There is a much bigger issue here. "RMS has been well and truly cancelled since even FSF does not announce his speaking events any more," an associate says. "Microsoft has succeeded in making FSF irrelevant (sadly) and (worse) getting the FSF to actively participate in its own decline."

Smart phone in hands

The FSF's blog barely publishes anything this year. Not even once a week (on average). There are many issues worth covering every day. They have many experts - vastly more than we have.

One thing I can comment on (and did comment on in the past) is how BT is forcing everyone to abandon landlines and move to digital VOIP phones. It does not matter if it runs BSD or Linux or Hurd or whatever if they can remotely turn those things into speaker mode always-on listening devices (usually 2 in each home, cordless too). Even though the router has no visible speaker or camera (not yet anyway) the ISP supplies equipment that has sensitive microphones (for speaker mode) and it is "free". As the CyberShow's Andy has pointed out, maybe partly inspired by Techrights, these phones are not good in a case of emergency as they depend on you having both Internet and power. As a reminder, the copper lines used to be enough 'juice' to power the "real" phones. And now? Sometimes the calls drop due to Internet disruptions and power going out (the battery in the phone you hold does not matter; the router needs energy too). Then what? How to phone the energy supplier??? Catch-22. You must have energy supply to phone the energy supplier.

Speaking to a friend, I now realise that in some places landlines aren't even a possibility anymore. "They already forced abandonment of the landline some years ago," a friend told me. "Lightning took ours out and they refused to even consider repairing it."
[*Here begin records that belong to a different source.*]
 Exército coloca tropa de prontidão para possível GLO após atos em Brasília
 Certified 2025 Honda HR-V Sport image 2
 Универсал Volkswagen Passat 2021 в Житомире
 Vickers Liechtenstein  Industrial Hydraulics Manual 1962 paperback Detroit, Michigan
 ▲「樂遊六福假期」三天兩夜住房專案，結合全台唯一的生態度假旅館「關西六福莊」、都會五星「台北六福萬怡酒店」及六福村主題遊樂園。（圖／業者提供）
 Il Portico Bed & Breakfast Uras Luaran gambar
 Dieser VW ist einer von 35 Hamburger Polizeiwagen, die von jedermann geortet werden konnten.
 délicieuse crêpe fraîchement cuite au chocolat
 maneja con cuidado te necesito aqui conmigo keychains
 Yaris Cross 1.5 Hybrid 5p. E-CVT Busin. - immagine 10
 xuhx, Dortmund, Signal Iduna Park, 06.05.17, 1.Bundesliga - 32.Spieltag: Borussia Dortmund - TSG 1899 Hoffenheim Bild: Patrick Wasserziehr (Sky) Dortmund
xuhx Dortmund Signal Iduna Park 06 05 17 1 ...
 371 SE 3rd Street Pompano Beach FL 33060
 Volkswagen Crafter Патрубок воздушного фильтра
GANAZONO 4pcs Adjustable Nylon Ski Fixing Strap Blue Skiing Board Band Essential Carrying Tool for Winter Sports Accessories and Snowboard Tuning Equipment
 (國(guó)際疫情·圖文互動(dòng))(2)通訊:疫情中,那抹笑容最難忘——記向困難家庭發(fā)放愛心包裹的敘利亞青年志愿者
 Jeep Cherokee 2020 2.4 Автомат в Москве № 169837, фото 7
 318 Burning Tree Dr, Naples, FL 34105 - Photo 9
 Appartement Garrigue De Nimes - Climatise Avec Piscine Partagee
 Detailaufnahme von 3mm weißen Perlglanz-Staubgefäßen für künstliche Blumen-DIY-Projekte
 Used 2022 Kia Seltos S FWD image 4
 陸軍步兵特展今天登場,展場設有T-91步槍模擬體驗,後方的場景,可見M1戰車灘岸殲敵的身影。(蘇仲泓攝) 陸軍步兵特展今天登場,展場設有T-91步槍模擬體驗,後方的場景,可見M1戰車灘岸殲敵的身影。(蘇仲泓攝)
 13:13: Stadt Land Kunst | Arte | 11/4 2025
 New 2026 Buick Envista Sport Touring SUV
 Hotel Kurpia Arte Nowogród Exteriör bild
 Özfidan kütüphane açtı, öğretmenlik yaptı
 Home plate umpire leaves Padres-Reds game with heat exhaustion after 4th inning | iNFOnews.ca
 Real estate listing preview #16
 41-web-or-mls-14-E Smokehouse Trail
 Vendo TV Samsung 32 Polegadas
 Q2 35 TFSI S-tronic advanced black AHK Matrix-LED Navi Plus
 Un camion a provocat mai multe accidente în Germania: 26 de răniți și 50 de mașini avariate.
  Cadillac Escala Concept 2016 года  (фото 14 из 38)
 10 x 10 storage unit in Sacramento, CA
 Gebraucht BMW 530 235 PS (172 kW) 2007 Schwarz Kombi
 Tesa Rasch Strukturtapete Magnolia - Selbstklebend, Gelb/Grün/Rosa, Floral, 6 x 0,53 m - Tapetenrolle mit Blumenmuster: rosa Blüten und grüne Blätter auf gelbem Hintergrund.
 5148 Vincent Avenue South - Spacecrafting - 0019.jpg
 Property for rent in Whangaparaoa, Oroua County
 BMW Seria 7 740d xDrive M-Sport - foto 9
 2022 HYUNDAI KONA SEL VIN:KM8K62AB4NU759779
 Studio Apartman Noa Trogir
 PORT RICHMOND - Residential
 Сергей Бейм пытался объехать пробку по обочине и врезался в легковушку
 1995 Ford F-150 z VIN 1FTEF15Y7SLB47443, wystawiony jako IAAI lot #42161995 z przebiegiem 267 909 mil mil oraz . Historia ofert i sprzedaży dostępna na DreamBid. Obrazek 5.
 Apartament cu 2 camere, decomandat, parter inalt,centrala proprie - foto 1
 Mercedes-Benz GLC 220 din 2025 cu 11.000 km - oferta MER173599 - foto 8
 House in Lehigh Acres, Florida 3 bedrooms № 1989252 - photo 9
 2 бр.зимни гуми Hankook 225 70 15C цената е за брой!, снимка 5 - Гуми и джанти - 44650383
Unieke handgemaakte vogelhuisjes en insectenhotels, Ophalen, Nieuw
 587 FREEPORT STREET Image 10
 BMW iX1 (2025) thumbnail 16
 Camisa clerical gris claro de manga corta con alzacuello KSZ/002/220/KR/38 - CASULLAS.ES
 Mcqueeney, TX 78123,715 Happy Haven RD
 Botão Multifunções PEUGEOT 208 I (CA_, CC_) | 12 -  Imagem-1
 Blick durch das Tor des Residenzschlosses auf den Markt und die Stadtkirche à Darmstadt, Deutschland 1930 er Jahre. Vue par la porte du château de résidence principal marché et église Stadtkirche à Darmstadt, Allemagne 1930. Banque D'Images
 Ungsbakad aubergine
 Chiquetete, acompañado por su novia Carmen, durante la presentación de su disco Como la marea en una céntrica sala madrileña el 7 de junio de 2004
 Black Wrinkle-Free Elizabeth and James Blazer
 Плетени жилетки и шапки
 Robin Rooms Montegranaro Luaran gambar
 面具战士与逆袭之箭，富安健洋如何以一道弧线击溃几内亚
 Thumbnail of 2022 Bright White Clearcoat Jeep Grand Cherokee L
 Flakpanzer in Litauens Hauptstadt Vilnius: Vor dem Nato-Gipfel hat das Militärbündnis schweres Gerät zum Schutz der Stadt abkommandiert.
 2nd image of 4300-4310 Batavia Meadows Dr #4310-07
For the time being, on the upside (ending on a more positive note), avoiding spymeters is feasible, but only if you're willing to tolerate literally hundreds of nags in a decade (they phone you, they send you post about it, they E-mail you all the time). Thankfully here, with our energy supplier, more than a third of customers turned down spymeters after 10 years of constant nagging. Years ago they said there was a government "deadline" for moving to spymeters, but of course that was a lie (it didn't happen), as I insisted when they preached on the phone like there was a sense of urgency. Now a lot of these spymeters are becoming a national emergency because they're failing and because they can be remotely taken over by hostile nations.

Appliances that are "modern" or newer aren't always better. They ought to be judged based on criteria that include security, privacy, reliability, repairability etc. Not a list of so-called 'features'.

If enough people understand this and can explain this, more people will turn down spying devices disguised as a gateway to easier lifestyles. We need to create demand for devices that respect users, irrespective of how many features they offer. Resistance is still possible. If it does not prevent, at least it can delay.